▶ PROBLEM TO WORK ON:
Ignoring every picture, return the lines of the listing below word for word, from the line that holds "purple flowers and" through the line that holds "El presidente francés".

··········

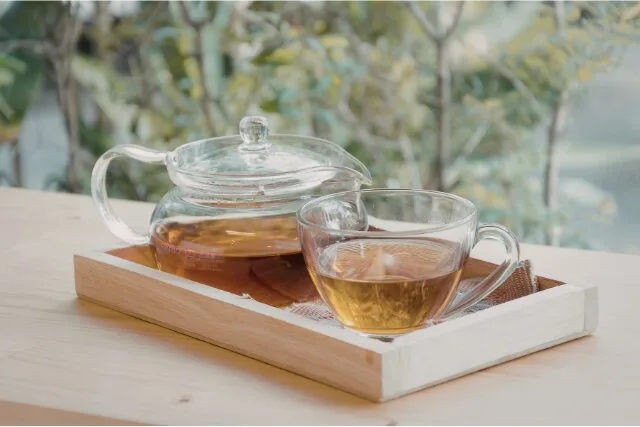 ハーブティーが入ったガラスポットとカップの写真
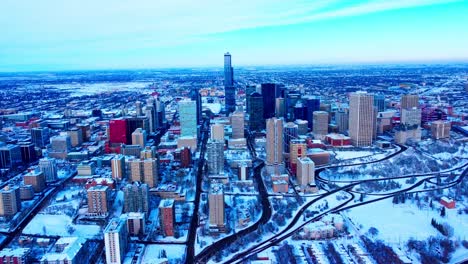 winter aerial flyover downtown edmonton overlooking the buildings from southside to the northside snow covered skyscrapers parks on the skyline with the old airport in the background cleared out1-3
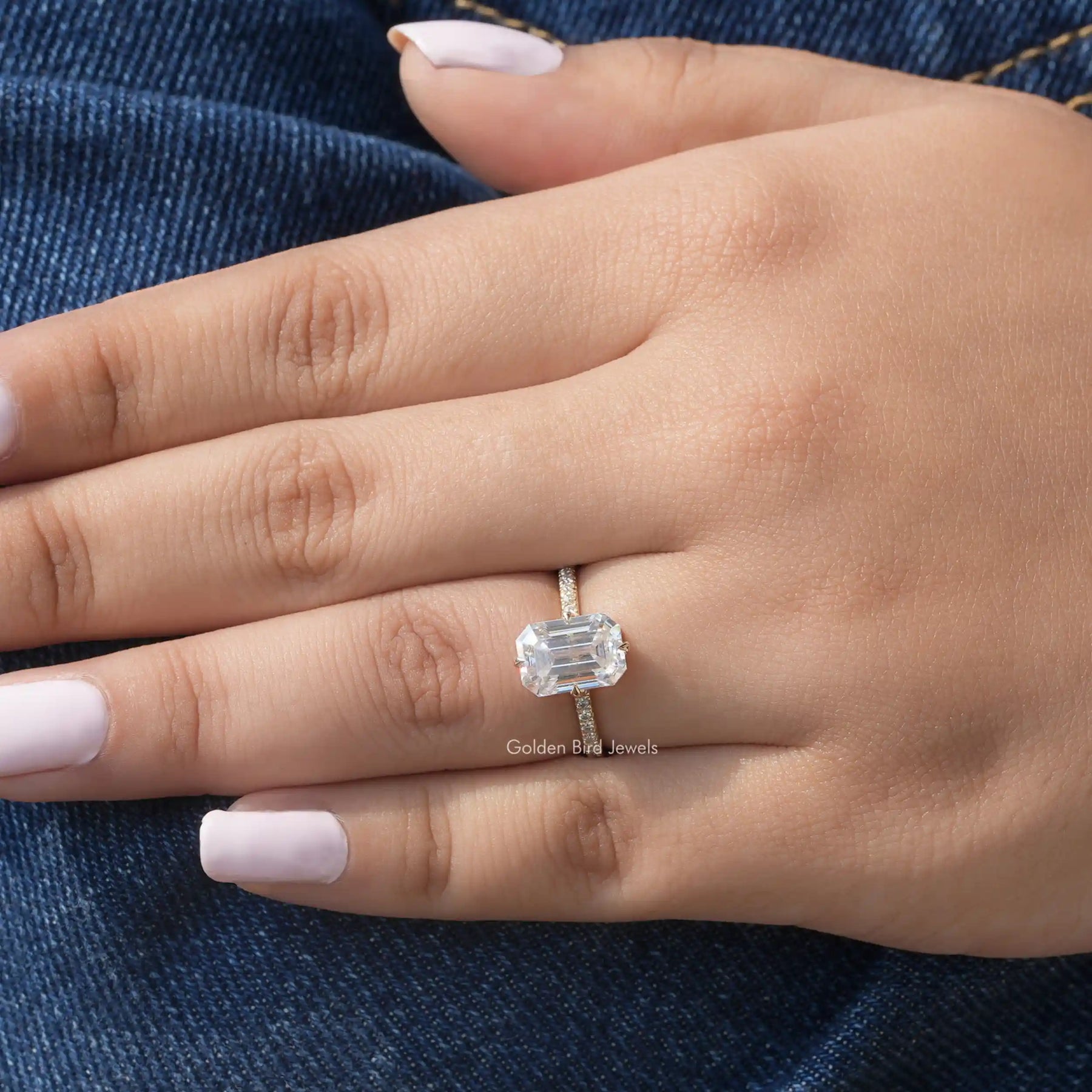 View of Hidden Halo Emerald Cut Moissanite Ring In Yellow Gold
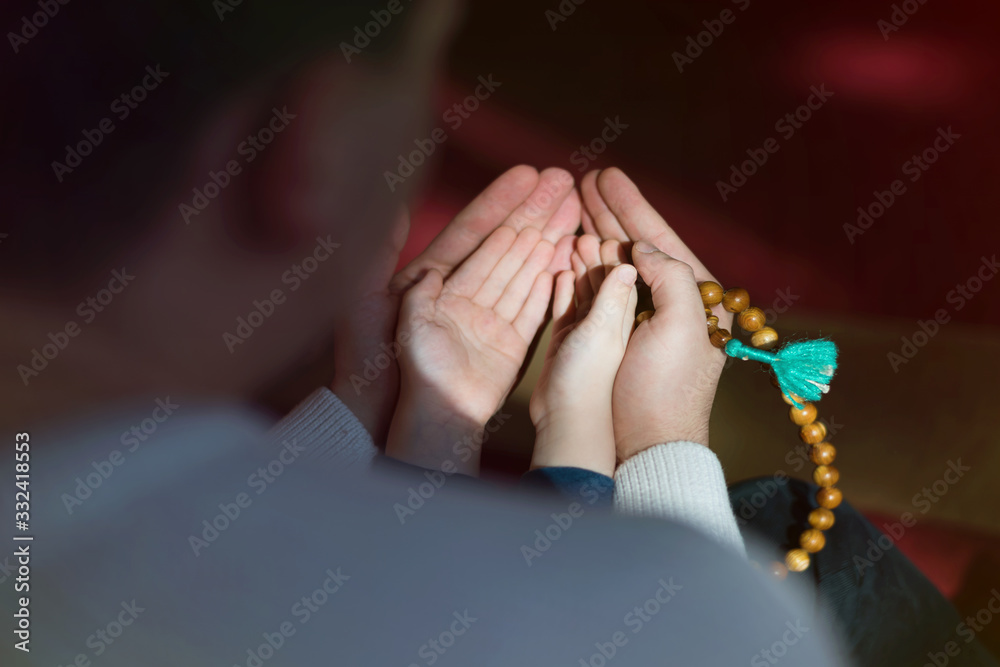 Muslim father and son praying together. Muslim dad and son praying in the mosque.
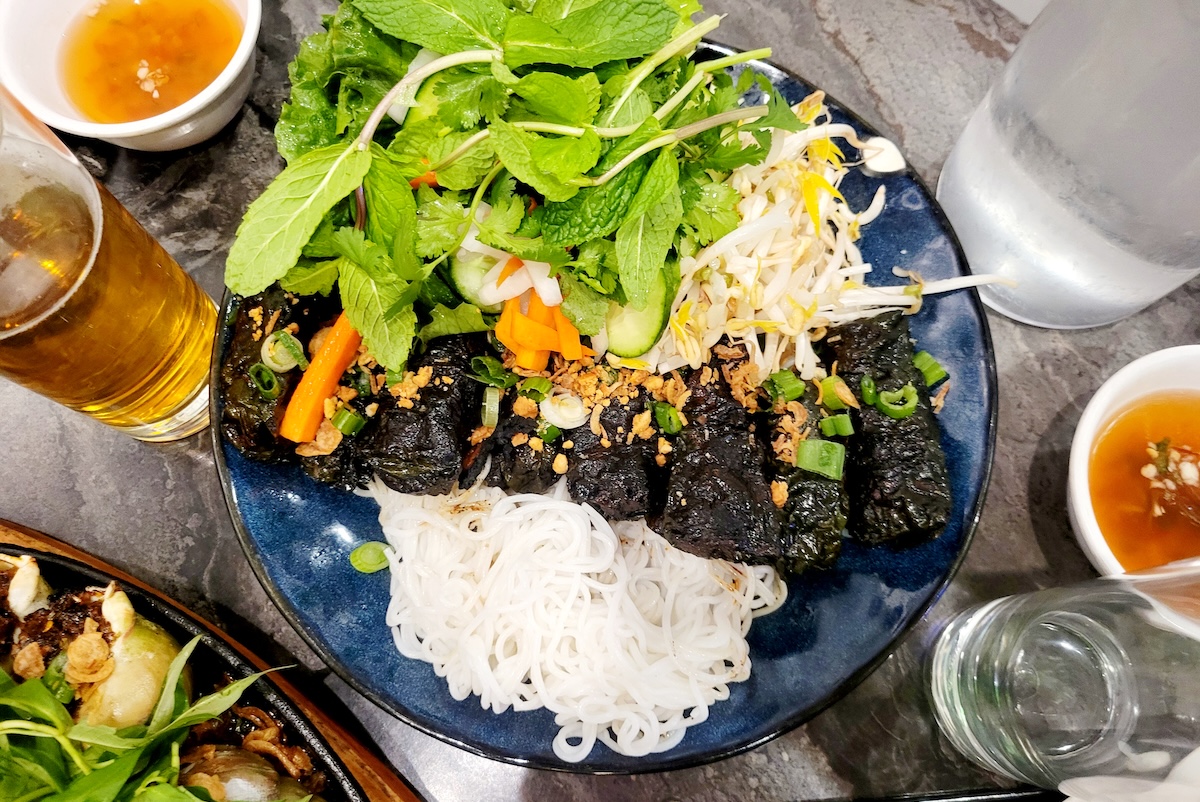 Bò Lá Lốt at Dan Da, a betel leaf and sausage DIY roll platter. | Photo by Linnea Covington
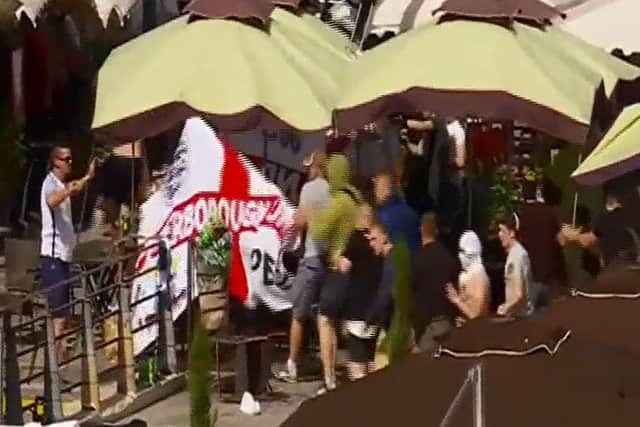 The Peterborough United flag being ripped down by Russian fans. Credit: BBC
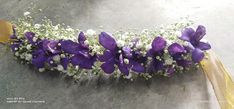 purple flowers and baby's breath are arranged on the edge of a silver surface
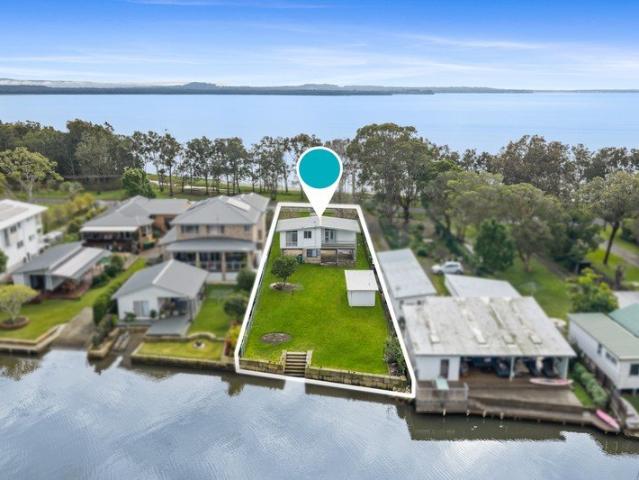 Absolute Waterfront Original Pole Home on 1,196sqm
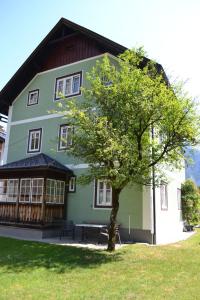 ein grünes Gebäude mit einem Baum davor in der Unterkunft Gingin- rooms in Hallstatt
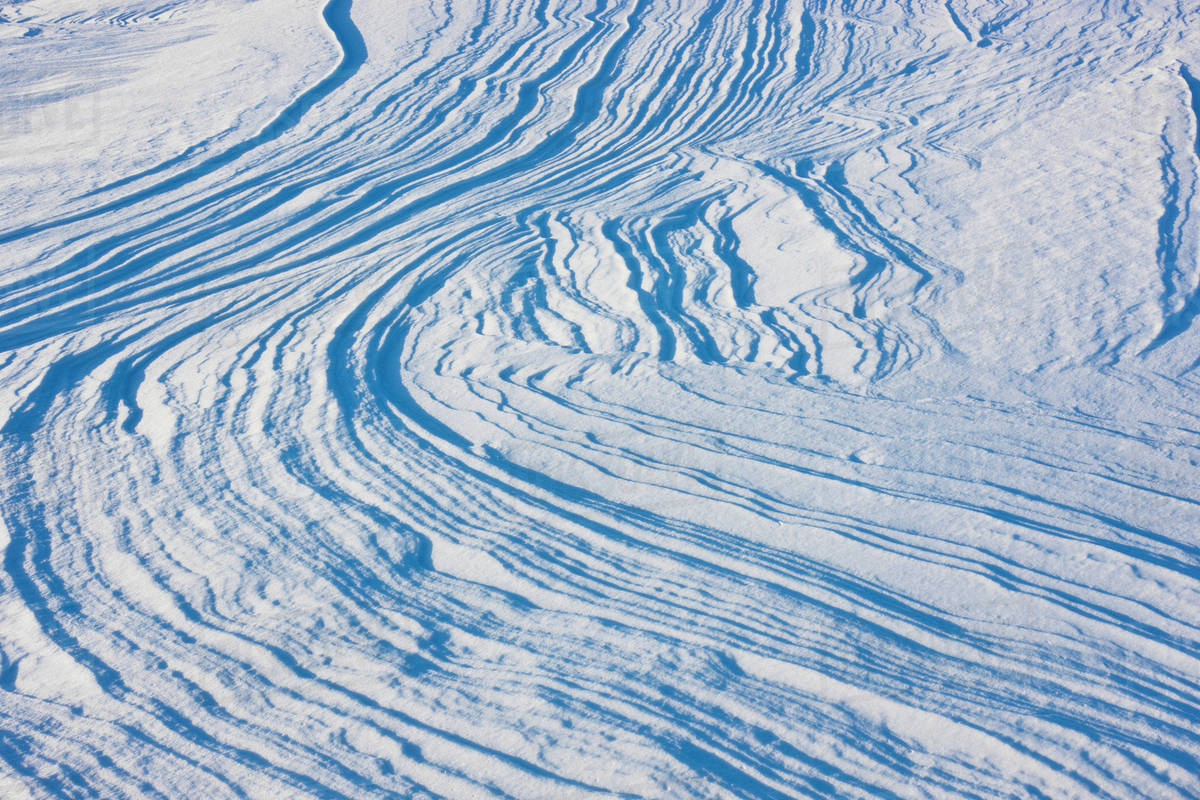 Wind-carved sastrugi ridges in snow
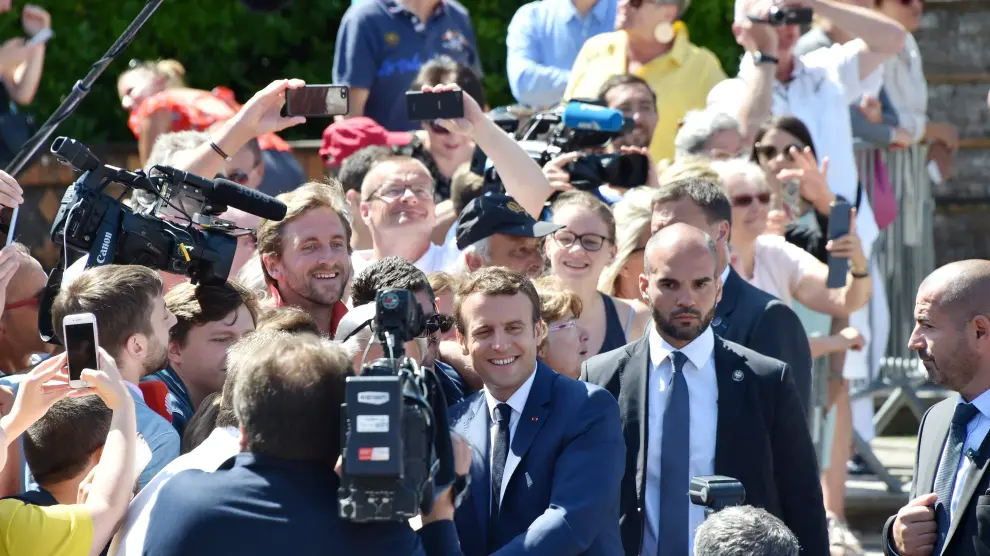 El presidente francés Emmanuel Macron saluda a la gente durante la jornada electoral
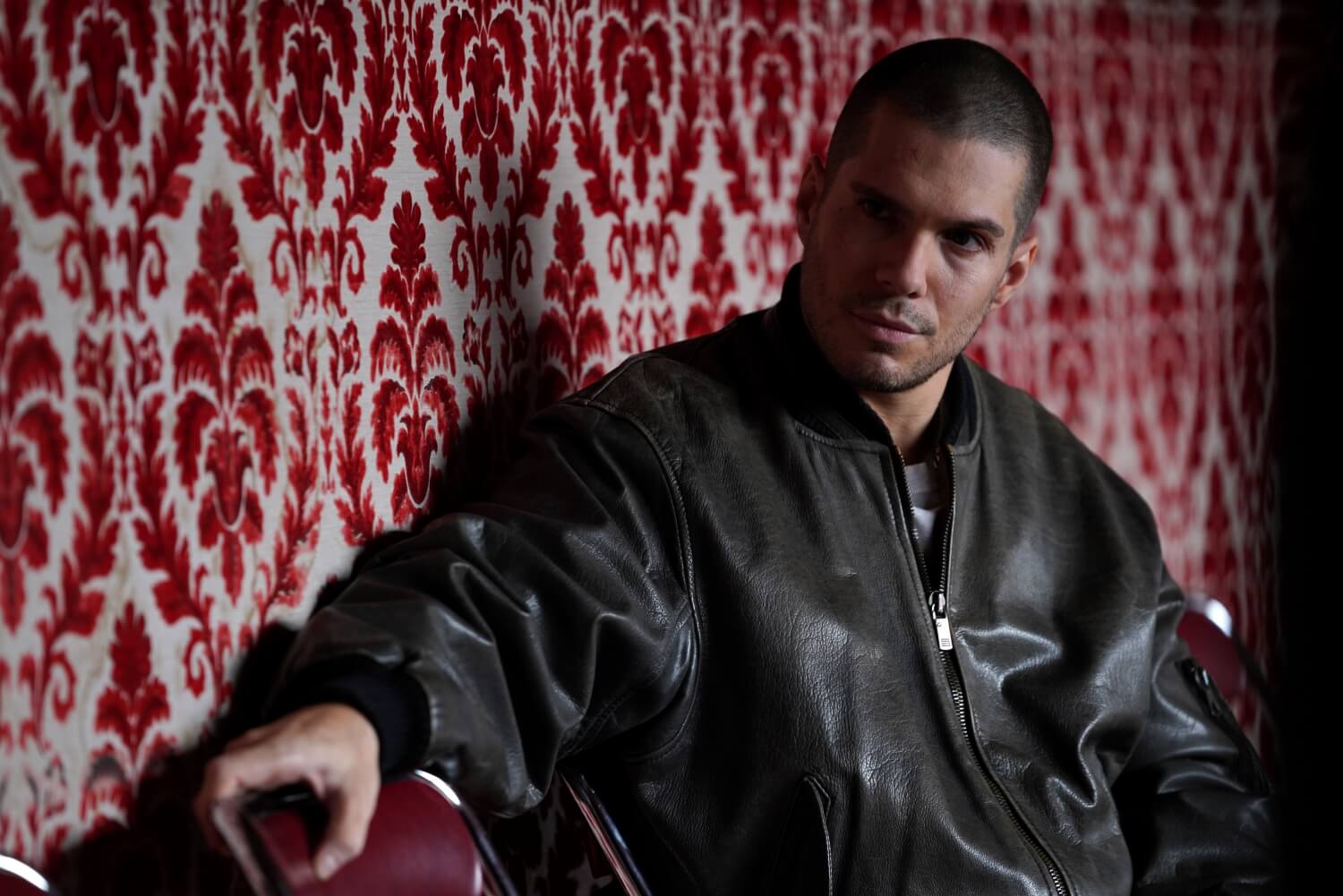 Mężczyzna z krótkimi włosami, ubrany w ciemną skórzaną kurtkę, siedzi na krześle na tle czerwono-białej, wzorzystej tapety, patrząc w bok z poważnym wyrazem twarzy.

··········

▶ ANSWER SPACE:
 purple flowers and baby's breath are arranged on the edge of a silver surface
 Absolute Waterfront Original Pole Home on 1,196sqm
 ein grünes Gebäude mit einem Baum davor in der Unterkunft Gingin- rooms in Hallstatt
 Wind-carved sastrugi ridges in snow
 El presidente francés Emmanuel Macron saluda a la gente durante la jornada electoral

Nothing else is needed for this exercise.